Line-Of-Sight Blockages using Terrain and 3D Models

A mask file is used to constrain an STK asset's field of view, whether due to the dimensions of the asset's own 3D model, due to terrain blocking line of sight, or from other considerations. This article will describe the options for modeling the line-of-sight constraints between objects due to terrain and the geometry of your assets, as well as how to implement each of the options.

Azimuth/Elevation Mask: 

The Azimuth/Elevation Mask is used to determine the line-of-sight constraints of a fixed object, such as a facility, due to terrain. This mask is calculated for a parent object such as a facility but can be inherited by the sensor subobject. This process uses STK to test line-of-sight rays for up to a user-selected range in all directions around the facility to determine all the directions where line of sight is obstructed in that range, and how far away those obstructions are. The facility’s line of sight is then saved as a .aem file. By computing this mask ahead of time, you can avoid the computation time of raytracing down the road when analyzing communications between your ground facility and space or air assets by predefining your assets' lines of sight. This method is generally less computation heavy but involves some interpolation which makes it slightly less accurate than the Line-of-Sight Terrain Mask.

Line of Sight Terrain Mask:
The Line-of-Sight Terrain Mask, like the Azimuth/Elevation Mask, determines whether terrain obstructs a line of sight. However, instead of computing the line of sight in all directions ahead of time, it computes line of sight only to relevant objects, and recomputes as their positions change. This method is slower than the Azimuth/Elevation Mask, particularly for long-term scenarios as it must be regularly recomputed throughout the scenario period. However, this tool is often necessary for determining the line of sight between two moving objects, as the Azimuth/Elevation mask can only be used for stationary objects. The Line-of-Sight Terrain Mask is also slightly more accurate, as there is no interpolation; STK tests the exact lines of sight of relevance for intersections.

AzEl Mask Tool:

This tool differs from the Azimuth/Elevation mask in that it determines obstructions of a sensor due to 3D models rather than terrain. This tool can thus save a body mask (.bmsk) file that determines the obstructions due to the shape of your own vehicle/facility, and of nearby facilities or buildings for the case of stationary objects. This tool is used to create a mask for the sensor itself, and thus can be used in conjunction with the first two terrain obstruction mask methods which create masks for the parent facility objects to consider both terrain obstructions and near-field obstructions. 

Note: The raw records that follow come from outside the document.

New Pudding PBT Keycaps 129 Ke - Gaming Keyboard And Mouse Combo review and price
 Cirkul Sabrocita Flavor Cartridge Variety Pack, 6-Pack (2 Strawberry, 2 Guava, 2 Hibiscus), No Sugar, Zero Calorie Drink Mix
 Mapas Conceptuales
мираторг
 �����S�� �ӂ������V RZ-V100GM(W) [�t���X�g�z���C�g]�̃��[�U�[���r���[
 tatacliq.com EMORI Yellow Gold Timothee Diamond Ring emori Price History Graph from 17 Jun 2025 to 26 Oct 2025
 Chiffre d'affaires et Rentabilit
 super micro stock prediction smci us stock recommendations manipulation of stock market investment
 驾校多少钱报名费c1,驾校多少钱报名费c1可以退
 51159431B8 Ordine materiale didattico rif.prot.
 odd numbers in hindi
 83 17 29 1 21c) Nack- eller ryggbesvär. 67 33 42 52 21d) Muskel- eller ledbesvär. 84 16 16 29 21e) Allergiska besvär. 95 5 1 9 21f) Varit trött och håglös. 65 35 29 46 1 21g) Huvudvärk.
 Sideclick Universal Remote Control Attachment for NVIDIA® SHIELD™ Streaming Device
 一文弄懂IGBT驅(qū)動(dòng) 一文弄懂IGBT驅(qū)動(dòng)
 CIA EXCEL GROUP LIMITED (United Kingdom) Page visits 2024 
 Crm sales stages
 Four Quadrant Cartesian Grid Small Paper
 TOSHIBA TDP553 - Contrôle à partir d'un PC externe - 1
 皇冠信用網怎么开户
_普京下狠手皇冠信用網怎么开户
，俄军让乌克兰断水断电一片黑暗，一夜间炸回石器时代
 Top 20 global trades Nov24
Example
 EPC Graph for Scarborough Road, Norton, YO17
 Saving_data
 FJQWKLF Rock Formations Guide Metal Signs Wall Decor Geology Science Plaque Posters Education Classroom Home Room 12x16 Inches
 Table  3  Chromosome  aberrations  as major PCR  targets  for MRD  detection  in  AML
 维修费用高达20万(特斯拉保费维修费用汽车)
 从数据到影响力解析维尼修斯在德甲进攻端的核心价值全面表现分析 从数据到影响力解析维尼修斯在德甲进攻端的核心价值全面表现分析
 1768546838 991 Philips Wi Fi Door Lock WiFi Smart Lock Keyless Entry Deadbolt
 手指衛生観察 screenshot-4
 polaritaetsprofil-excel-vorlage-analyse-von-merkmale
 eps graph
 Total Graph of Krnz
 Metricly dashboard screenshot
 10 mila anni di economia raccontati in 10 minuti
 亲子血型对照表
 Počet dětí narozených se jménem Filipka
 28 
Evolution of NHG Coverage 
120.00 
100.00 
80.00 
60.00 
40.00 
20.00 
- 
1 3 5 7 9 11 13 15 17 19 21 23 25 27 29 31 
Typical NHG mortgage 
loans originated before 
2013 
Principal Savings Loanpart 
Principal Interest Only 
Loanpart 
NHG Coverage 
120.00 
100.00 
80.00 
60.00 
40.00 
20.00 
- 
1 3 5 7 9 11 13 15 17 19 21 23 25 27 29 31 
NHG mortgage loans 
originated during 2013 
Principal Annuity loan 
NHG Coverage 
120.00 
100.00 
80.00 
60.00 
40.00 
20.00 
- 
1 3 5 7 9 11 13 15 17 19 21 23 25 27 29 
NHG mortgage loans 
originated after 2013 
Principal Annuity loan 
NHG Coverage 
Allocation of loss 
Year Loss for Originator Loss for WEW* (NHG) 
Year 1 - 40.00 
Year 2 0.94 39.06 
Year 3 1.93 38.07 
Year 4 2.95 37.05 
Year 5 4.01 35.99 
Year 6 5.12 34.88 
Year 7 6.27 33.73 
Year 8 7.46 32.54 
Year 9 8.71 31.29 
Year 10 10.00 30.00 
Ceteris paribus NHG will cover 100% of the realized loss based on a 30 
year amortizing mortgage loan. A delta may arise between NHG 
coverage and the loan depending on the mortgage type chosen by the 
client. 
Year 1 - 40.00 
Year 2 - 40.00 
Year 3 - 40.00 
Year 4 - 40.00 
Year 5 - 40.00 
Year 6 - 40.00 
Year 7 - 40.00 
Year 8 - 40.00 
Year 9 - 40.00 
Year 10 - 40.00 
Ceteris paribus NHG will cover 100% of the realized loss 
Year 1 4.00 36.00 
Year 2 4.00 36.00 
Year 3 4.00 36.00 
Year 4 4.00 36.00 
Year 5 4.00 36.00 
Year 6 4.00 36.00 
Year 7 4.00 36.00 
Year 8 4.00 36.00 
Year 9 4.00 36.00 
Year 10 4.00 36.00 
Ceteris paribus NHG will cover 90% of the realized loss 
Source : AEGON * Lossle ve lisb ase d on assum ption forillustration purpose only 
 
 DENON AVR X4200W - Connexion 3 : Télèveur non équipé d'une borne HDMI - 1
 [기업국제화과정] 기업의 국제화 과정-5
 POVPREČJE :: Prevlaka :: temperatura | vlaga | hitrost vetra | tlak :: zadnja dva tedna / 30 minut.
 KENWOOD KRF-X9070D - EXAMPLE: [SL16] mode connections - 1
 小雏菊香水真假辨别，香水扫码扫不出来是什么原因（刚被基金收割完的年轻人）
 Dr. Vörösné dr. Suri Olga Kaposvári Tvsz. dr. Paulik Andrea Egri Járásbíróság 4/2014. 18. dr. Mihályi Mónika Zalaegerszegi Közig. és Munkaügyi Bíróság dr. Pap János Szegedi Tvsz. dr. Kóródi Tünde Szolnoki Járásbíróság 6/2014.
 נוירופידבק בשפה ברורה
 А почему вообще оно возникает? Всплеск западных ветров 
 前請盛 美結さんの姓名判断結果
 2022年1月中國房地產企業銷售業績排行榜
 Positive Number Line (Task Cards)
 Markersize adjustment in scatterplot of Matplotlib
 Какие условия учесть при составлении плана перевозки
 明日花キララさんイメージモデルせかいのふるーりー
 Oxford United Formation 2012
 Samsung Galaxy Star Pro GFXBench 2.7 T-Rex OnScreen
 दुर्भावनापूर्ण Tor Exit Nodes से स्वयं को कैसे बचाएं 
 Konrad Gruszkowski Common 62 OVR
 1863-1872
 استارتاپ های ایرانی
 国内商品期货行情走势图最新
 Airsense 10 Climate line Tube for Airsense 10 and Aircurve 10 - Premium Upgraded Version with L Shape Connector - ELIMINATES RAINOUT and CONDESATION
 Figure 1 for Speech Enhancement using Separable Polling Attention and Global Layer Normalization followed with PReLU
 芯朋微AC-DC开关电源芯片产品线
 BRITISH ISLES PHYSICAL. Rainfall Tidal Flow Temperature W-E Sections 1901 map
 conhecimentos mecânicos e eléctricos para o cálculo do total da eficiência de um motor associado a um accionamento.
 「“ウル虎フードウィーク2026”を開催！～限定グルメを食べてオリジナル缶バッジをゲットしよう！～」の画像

How to Generate an Azimuth/Elevation Mask:

To consider the terrain obstructions of a facility that is fixed in place, you will use the Azimuth/Elevation Mask to precompute terrain obstructions and save the field of view constraints as a .aem file. This method can also be used for other stationary object types such as place and target objects, and the process will be the exact same for any of these objects.

First, we will need to enable Azimuth/Elevation mask analysis on the scenario’s properties page. Right click your scenario in the Object Browser and select Properties. 

In the Basic -> Terrain properties of any STK scenario, you will see a few terrain options:

The “Use terrain server for analysis” option must be selected to enable either of the advanced analysis options. Check the Use Terrain Server for analysis checkbox if it is not already enabled and turn on Azimuth/Elevation Mask.

For this example, we have added a facility object near the mountains in Boulder Colorado with a sensor as its child object. The sensor has a simple conic 90-degree field of view that overlaps its surrounding terrain. We will now adjust the sensor’s field of view using a .aem mask file to reflect the constraints of the surrounding terrain.

Now that this analysis is enabled, open the properties page of the ground site whose sensor you want to constrain. In this scenario, this would be Facility1. Go to Basic -> AzElMask and set the Use: option to Terrain Data. Enable the “Save mask data in binary” checkbox, as well as the “Use Mask for Access Constraint” and click Apply. STK will now look in all directions around the facility object and determine which directions it has a clear line of sight up to 50 km outwards and save the line-of-sight data as a .aem file for Facility1. Saving the mask data in binary just saves the .aem file as a smaller file.

Facility 1 now has the full az-el mask file and will use it in analysis. To enable the attached sensor to use this mask in analysis, right click the attached sensor and open its properties page and navigate to Constraints -> Basic. Enable the Use checkbox under Az-El Mask. This allows the sensor to inherit the field of view constraints of the Facility. 

To visualize this mask constraint, go to 2D Graphics -> Projection and enable the Use Constraints checkbox in the Field of View section. Select the AzElMask option and click apply:

Now your sensor’s true field of view will be shown.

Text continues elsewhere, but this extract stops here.